Every once in a while, an interview comes along that reframes something most people had stopped questioning… and Seth Ellsworth's recent appearance on our Expert Interview Series was one of those moments.
Seth is a marketing veteran, father of 8 kids, and founder of The Wealthy Steward. He helps business owners restructure how they hold assets using a framework that predates the LLC, the S-Corp, and the C-Corp by several centuries. The premise might be uncomfortable at first, but for the right person, it’s freeing.
His core argument is simple: ownership is a modern construct that brings complexity, compliance, and constant exposure.
While “stewardship” - controlling assets without owning them - is older, simpler, and quietly used by some of the wealthiest families and largest organizations in America (and beyond).
This issue unpacks the highlights of that conversation.
The Origin Story: A Ledger From 1906 and a Question No One Could Answer
Seth's path into this work didn't start with tax strategy. It started with a family reunion and a leather-bound business ledger that belonged to his great-grandfather.
He flipped through thousands of transactions, saw bank balances in the hundreds of thousands of dollars (in early 1900s money), and asked a question that wouldn't leave him alone:
How did my great-grandfather actually do business?
Not what tools did he use, but what structure did he use? Because it couldn't have been an LLC - those didn't exist until the late 1970s. It couldn't have been an S-Corp or a modern revocable living trust. So what was it?
When Seth started asking attorneys and CPAs, the answer was always the same: they didn't know. It hadn't been taught in law school. It wasn't in their professional resource libraries. The structures had been quietly written out of the modern curriculum.
But they had never been written out of the law.
Ownership Triggers Complexity
Seth's central thesis comes down to a single observation about how the U.S. tax and legal system actually works.
He boils the entire IRS code down to one concept: a taxable event is what triggers a tax liability, and the entity tied to that event becomes the taxpayer. Ownership and the taxpayer almost always travel together. When an individual owns something, that individual is on the hook for the events it generates.
But the law never required them to travel together… They can be separated.
This is where the shift from ownership to stewardship comes in.
By moving assets into a properly structured private contract organization, the individual is no longer the owner. They retain discretion and control as a steward, but the taxable event - when it happens - sits somewhere else entirely. And when no event is triggered, no taxpayer exists for that activity.
Seth is careful to underline what this is not: a tax scheme, a loophole, an evasion strategy, or anything foreign. It is the application of contract law that has existed in this country since the Mayflower Compact in 1620 and in Roman civil code since 542 AD.
His framework rests on a legal opinion letter and the maxim that has held in U.S. courts for centuries: pacta sunt servanda - the contract makes the law.

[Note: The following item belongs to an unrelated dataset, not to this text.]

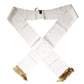 White Floral Jacquard Skinny Fringes Scarf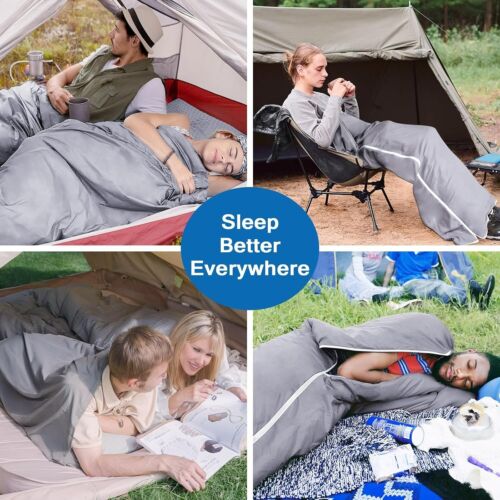 Sleeping Bag Liners with 2 Way Zipper Adult Sleep Sack Travel Sheets Lightweight - Picture 7 of 7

The Supreme Court Has Already Settled This
For anyone wondering whether private contracts can really stand up to state regulation, Seth points to Allied Structural Steel v. Spannaus (1978).
In that case, a private contract predated a Minnesota state regulation that effectively overrode it. The Supreme Court didn't just side with the contract holders. It struck the Minnesota law down entirely, citing the constitutional rule that no state can pass a law impairing the obligation of a contract.
The same principle was established as far back as Dartmouth College v. Woodward in 1819. Contract first, state second.
This is the legal floor that private contract organizations stand on. It is, in Seth's words, "the most well-settled law in the history of law."
The Players Already Using This Playbook
The structures Seth describes aren't theoretical. They're already in use by some of the most recognizable organizations in America - most people just don't know to look for them.
The NFL began as one of these types of private contract organizations in the 1940s, and Major League Baseballwas built on a similar foundation.
Visa and Mastercard spent roughly 40 years operating as private associations among member banks. Lawsuits against them in that period were routinely dismissed in discovery - courts ruled they lacked jurisdiction over private matters. By the time Visa went public in 2008, it was effectively unassailable.
The American Bar Association itself is structured as a private association.
Seth also points to Jack Dorsey's reported handling of substantial Twitter-related capital gains through a structure like this - an example, of private contract structures being used in plain sight at the highest levels of M&A activity.
Why This Matters for Acquisition Entrepreneurs
For readers of this newsletter, the M&A application is what makes this conversation especially worth paying attention to.
Consider how this plays out in a typical transaction:
If the entity being acquired is an LLC owned by a private contract stewardship organization rather than an individual, the deal itself doesn't change. The LLC is what's bought and sold...
But the layer above it - where proceeds land, where future control sits, where estate exposure lives - operates under a completely different set of rules than what most CPAs and attorneys are accustomed to navigating.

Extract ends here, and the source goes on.